#### [Work order]
Using the data below, copy out all lines with the word "pour".

#### [Data to use]
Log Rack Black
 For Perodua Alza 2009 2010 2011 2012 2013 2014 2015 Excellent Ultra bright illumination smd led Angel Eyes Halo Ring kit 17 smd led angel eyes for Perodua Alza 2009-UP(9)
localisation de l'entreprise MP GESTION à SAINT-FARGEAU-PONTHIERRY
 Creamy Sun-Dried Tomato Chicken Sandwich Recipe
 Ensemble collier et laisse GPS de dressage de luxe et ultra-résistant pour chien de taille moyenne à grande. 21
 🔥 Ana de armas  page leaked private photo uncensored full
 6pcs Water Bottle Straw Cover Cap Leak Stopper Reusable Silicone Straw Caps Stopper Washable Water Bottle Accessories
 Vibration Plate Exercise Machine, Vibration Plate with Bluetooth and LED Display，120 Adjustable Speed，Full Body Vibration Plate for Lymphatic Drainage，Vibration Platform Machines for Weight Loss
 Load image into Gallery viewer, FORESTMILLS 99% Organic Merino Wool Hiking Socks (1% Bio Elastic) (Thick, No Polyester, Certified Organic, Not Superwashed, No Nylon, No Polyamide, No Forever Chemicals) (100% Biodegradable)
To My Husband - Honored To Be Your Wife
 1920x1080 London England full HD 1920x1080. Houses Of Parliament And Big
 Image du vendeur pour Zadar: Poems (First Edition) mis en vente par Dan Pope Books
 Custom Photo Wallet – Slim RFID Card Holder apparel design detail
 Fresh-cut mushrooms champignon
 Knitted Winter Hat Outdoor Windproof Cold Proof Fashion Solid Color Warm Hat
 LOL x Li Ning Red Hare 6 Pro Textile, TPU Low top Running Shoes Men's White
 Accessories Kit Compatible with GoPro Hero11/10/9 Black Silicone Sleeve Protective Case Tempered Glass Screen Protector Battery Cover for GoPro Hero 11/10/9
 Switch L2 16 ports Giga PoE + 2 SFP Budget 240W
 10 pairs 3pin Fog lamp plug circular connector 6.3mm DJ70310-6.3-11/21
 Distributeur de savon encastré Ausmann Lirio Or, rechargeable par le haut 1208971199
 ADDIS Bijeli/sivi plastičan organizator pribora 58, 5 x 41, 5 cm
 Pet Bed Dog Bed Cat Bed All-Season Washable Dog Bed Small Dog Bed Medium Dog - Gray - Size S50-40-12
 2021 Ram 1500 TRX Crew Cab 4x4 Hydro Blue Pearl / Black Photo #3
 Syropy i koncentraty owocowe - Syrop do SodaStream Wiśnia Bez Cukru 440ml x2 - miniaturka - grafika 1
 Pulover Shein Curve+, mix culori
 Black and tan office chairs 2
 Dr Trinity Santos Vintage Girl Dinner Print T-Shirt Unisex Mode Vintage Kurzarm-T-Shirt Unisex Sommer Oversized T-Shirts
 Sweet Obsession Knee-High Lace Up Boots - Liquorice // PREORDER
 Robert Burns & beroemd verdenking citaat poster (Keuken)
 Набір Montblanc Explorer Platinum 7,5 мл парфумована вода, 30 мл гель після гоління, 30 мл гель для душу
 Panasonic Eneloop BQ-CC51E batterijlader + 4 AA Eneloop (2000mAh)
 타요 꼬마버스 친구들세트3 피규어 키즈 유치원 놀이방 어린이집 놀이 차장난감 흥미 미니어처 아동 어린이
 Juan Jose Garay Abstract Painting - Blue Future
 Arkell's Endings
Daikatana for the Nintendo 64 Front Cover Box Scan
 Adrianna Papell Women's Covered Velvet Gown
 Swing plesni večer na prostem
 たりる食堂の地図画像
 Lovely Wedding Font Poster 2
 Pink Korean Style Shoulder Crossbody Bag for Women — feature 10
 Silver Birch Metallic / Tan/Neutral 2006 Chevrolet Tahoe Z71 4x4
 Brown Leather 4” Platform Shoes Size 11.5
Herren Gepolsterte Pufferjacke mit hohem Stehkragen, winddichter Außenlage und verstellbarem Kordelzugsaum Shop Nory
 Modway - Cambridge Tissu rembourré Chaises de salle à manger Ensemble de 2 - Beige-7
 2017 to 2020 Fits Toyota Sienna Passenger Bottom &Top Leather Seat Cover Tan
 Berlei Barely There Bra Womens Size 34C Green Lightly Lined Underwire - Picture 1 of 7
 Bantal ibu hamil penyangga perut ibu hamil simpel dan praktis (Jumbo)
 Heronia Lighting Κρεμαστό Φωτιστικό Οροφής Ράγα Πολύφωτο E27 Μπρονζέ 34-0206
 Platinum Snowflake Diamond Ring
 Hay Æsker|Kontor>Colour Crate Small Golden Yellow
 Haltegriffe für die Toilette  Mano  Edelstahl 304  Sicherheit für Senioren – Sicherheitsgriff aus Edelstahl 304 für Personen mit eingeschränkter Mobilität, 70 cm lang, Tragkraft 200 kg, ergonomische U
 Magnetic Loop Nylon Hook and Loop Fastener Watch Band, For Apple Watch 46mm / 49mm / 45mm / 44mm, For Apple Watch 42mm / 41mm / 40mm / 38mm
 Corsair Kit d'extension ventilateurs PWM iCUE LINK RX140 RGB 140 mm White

#### [Task solution]
 Ensemble collier et laisse GPS de dressage de luxe et ultra-résistant pour chien de taille moyenne à grande. 21
 Image du vendeur pour Zadar: Poems (First Edition) mis en vente par Dan Pope Books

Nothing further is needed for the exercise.